The findings in Table 9 also corroborate the clinical relevance and effectiveness of hybrid deep learning models, emphasizing their significant role in medical diagnostics as the following:

  • Integration of spatial and temporal features: Studies by Yamashita et al. [24] and Kather et al. [22] demonstrate the enhanced model performance when combining spatial features captured by CNNs with temporal features processed by RNNs, consistent with our results.

  • Improved performance metrics: Our high-performance metrics align with the results reported by Chen et al. [23] and Qiu et al. [32], indicating that hybrid models surpass traditional methods in accuracy and diagnostic capability.

  • Clinical relevance: Research conducted by Khan et al. [28] and Lee et al. [29] underscores the clinical importance of deep learning models in cancer diagnosis. Our study reinforces these findings, highlighting the practical utility of a hybrid CNN-SimpleRNN-LSTM-GRU model in clinical environments.

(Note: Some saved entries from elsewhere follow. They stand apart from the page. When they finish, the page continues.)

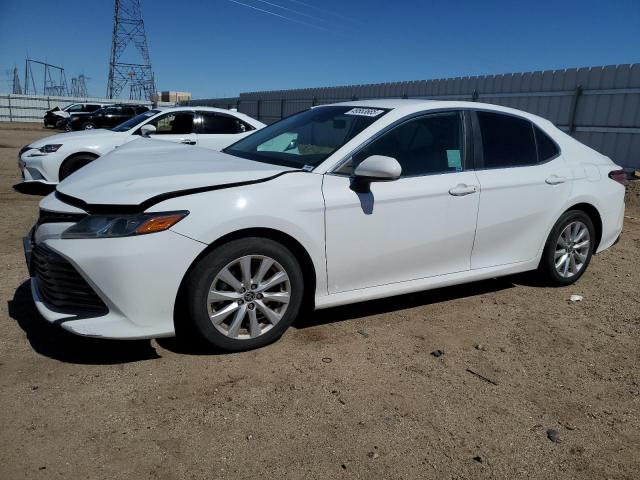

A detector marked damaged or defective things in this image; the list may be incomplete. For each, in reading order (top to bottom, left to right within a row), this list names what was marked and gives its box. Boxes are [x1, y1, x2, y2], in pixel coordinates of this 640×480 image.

dented hood [55, 138, 296, 207]
cracked headlight [61, 211, 189, 239] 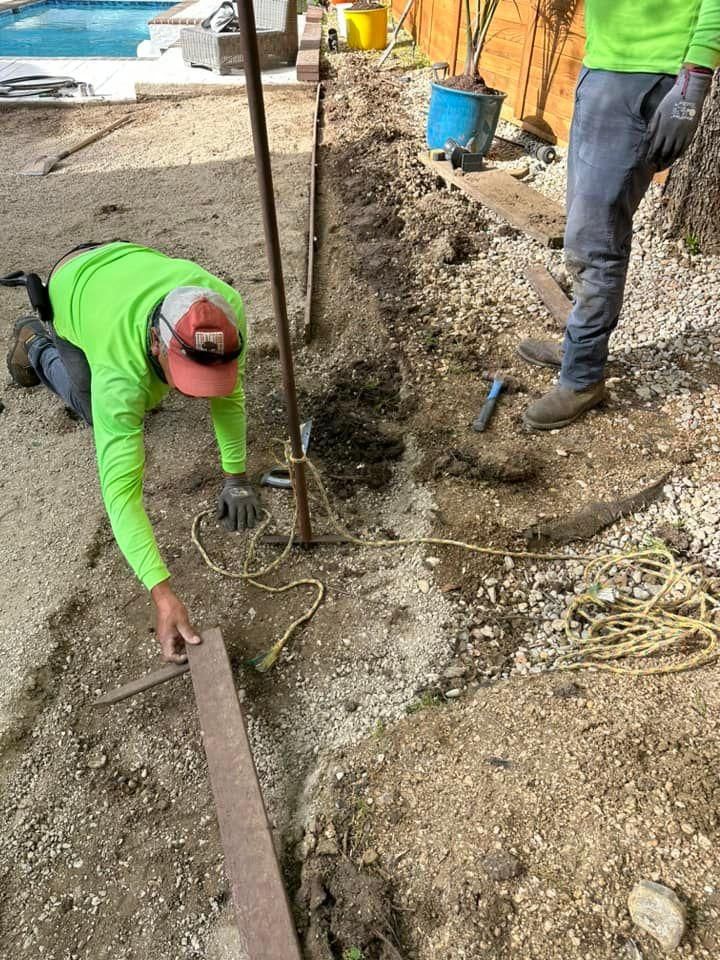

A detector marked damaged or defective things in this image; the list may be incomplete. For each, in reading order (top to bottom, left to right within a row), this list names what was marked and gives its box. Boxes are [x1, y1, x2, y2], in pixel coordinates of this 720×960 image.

rusty metal pole [235, 0, 310, 544]
rusty steel beam [187, 632, 302, 960] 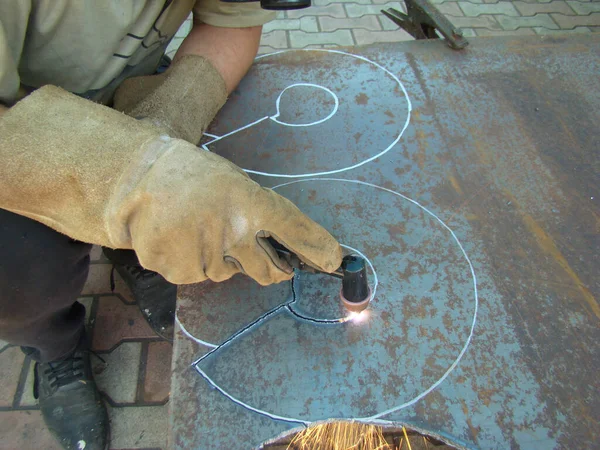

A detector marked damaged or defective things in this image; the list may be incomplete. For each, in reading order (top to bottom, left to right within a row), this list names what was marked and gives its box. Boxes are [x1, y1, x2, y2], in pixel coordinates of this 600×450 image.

rusty steel plate [169, 36, 600, 450] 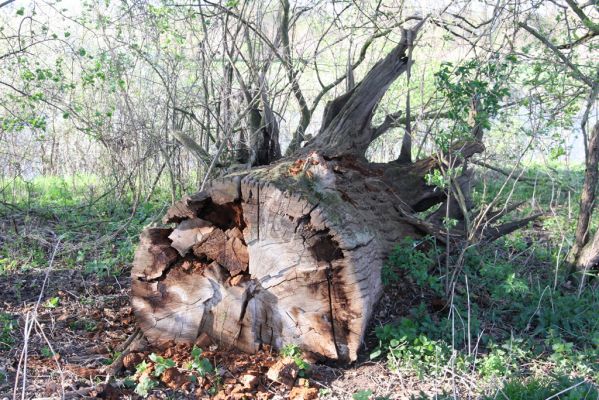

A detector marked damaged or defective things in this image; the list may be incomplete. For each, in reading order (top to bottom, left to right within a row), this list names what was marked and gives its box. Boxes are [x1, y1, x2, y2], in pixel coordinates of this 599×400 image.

splintered wood piece [169, 219, 216, 256] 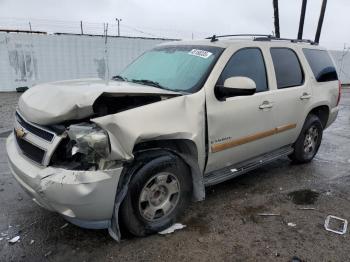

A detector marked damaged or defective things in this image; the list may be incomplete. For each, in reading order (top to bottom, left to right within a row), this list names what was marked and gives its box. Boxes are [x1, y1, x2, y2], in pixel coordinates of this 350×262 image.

crushed front bumper [5, 134, 123, 228]
crumpled hood [17, 78, 179, 125]
damaged suv [6, 35, 340, 241]
broken plastic debris [326, 215, 348, 235] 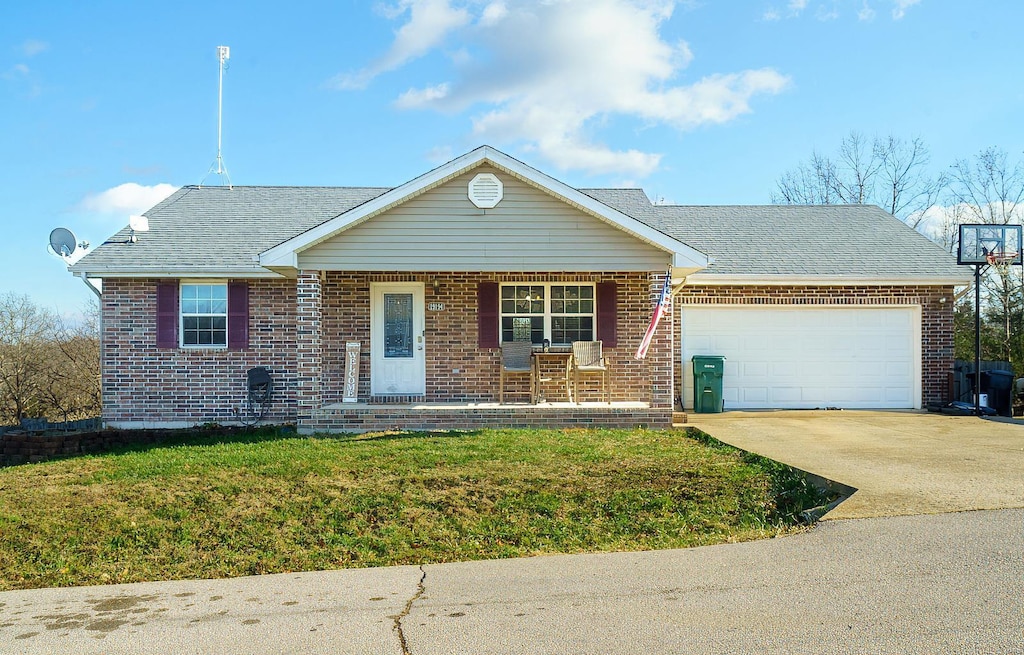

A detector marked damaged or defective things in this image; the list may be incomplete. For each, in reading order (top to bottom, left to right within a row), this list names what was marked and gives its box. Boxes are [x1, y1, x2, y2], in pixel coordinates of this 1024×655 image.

  • Efficiency and processing time: The efficient processing times we observe align with findings from Zhu et al. [30].

5 Conclusion

Our investigation into the early detection of GI cancer through The integration of histopathology data, coupled with The application of five distinct DL models, has yielded valuable insights. Notably, our findings emphasize the pivotal role of MSI and MSS in refining diagnostic accuracy. Among the models evaluated, the CNN-SimpleRNN-LSTM-GRU architecture emerged as the frontrunner, excelling across critical metrics such as accuracy, RC, SP, F1, and AUC. This model’s nuanced integration of recurrent layers showcases its efficacy in capturing temporal dependencies within the histopathology data, thus enhancing its discriminatory power in distinguishing between MSI and MSS cases. However, it is imperative to recognize each model’s inherent advantages and limitations. While the CNN-LSTM demonstrated commendable PR, the computational demands of more intricate architectures warrant careful consideration, especially in resource-constrained settings. Furthermore, the varying performance across models underscores the importance of tailoring diagnostic approaches to specific clinical requirements, considering the distinct characteristics of MSI and MSS patterns. Future research endeavors could delve deeper into unraveling the intricate molecular signatures associated with MSI and MSS, refining the specificity of diagnostic models. Exploring the transferability of our findings across diverse patient cohorts and datasets would contribute to the robustness of the proposed diagnostic framework. Additionally, investigations into the interpretability of these DL models concerning the nuanced histopathological features linked to MSI and MSS could facilitate greater clinical acceptance. In conclusion, our study not only underscores the promising potential of DL in early GI cancer detection but also highlights the critical role of MSI and MSS stratification in enhancing diagnostic precision. The ongoing pursuit of optimized models, informed by a comprehensive understanding of molecular intricacies, is essential for advancing the field and realizing the full clinical impact of AI-driven diagnostics in oncology.